%%

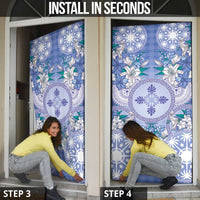 Hawaii Violet Palaka Door Cover With Tapa Pattern Tropical Flowers - Polynesian Pride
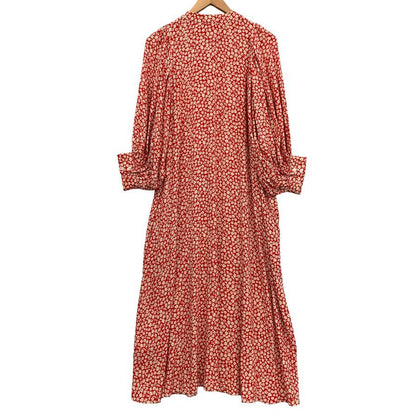 極美品◆アンバーグリーム ワンピース 総柄 花柄 レッド系 レディース ショート AMBERGLEAM 【AFB37】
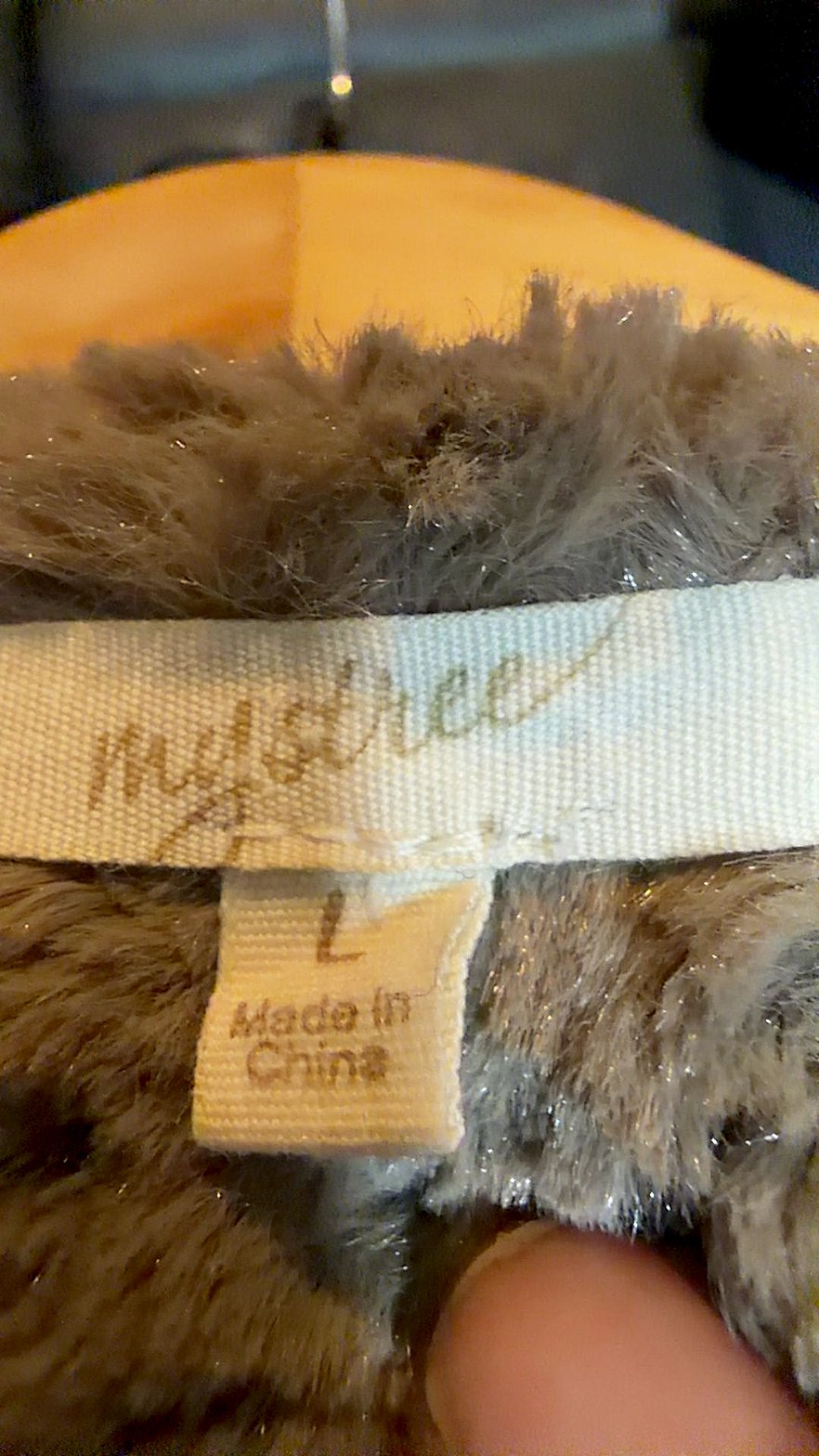 Mystree Faux Fur Sleeveless Hooded Vest, Taupe/Mushroom, Size L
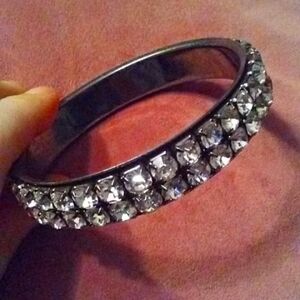 Vintage 50s Pave Rhinestone Bangle Bracelet  Rhinestones Gunmetal Dark Silver Lg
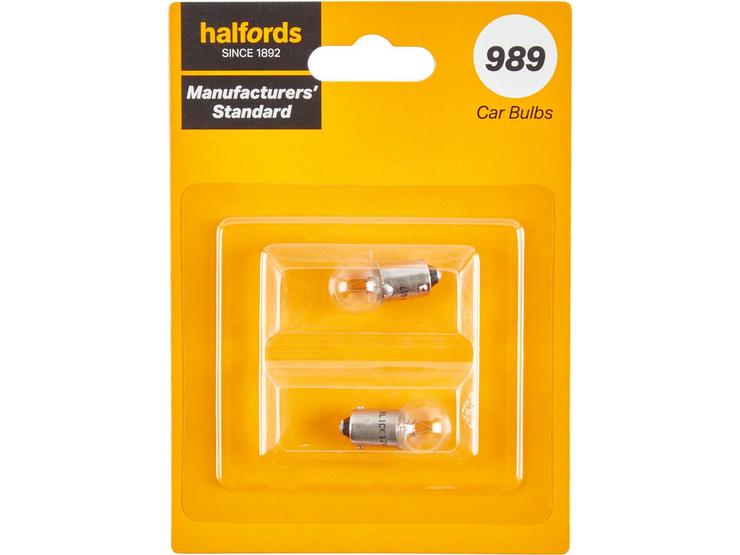 989 Car Bulb Manufacturers Standard Halfords Twin Pack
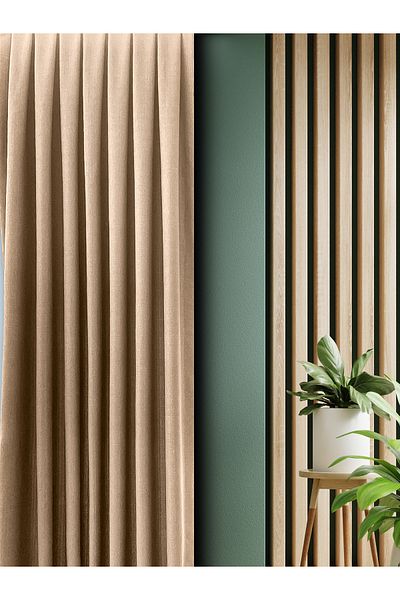 OnyxHome Κουρτίνα με φόντο λινό Paris Beige Μονό Φτερό (χωρίς μπαλώματα)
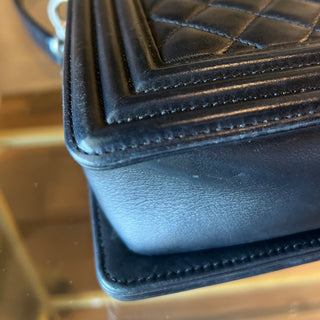 CHANEL Lambskin Quilted Medium Boy Flap Black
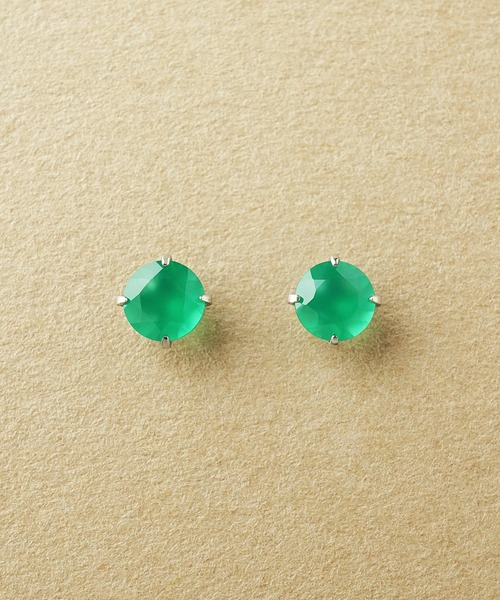 セカンドピアス]Pt グリーンメノウピアス(4mm)（ピアス（両耳用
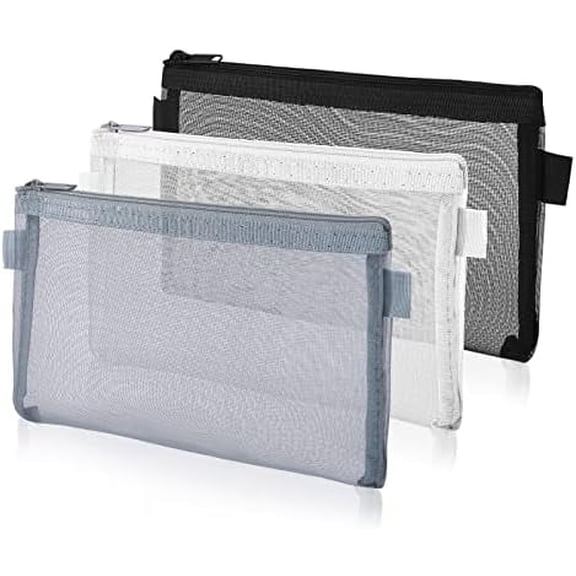 3 Pieces Pencil Pouch Clear Makeup Bags Nylon Mesh Pen Pouch with Zipper Pencil Case Stationery Storage Bag for Home Office Supplies Cosmetics Travel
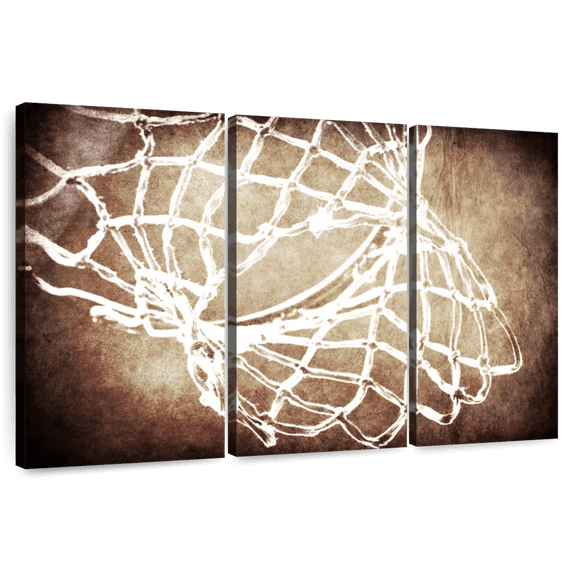 Elephant Stock Basketball Net Wall Art - Horizontal Multi Panel Canvas - Living Room Wall Decor - Sports Multi Panel - Gray And Brown Decor - 74" x 48"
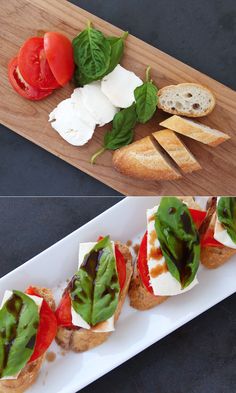 a plate with bread, tomatoes and cheese on it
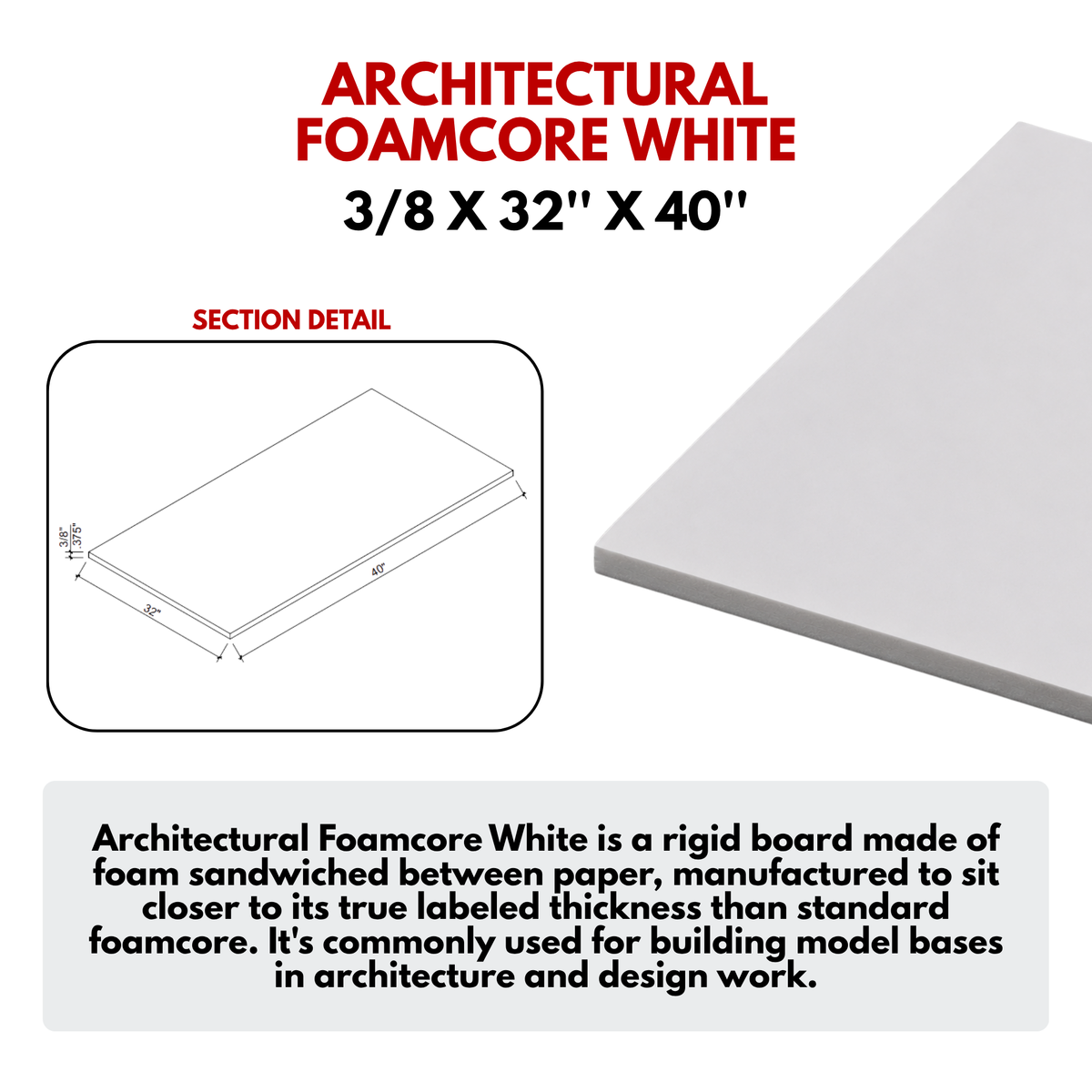 Architectural Foamcore White - Store pickup only / Local school Delivery - Size: 3/8x32''x40'' (JP) Local school delivery /store pickup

%%

The lines to repeat start at the one holding "3 Pieces Pencil" and run through the last line of the records above; write them out exactly, both ends included, but not the pictures.

ANSWER FOR THIS EXERCISE:
 3 Pieces Pencil Pouch Clear Makeup Bags Nylon Mesh Pen Pouch with Zipper Pencil Case Stationery Storage Bag for Home Office Supplies Cosmetics Travel
 Elephant Stock Basketball Net Wall Art - Horizontal Multi Panel Canvas - Living Room Wall Decor - Sports Multi Panel - Gray And Brown Decor - 74" x 48"
 a plate with bread, tomatoes and cheese on it
 Architectural Foamcore White - Store pickup only / Local school Delivery - Size: 3/8x32''x40'' (JP) Local school delivery /store pickup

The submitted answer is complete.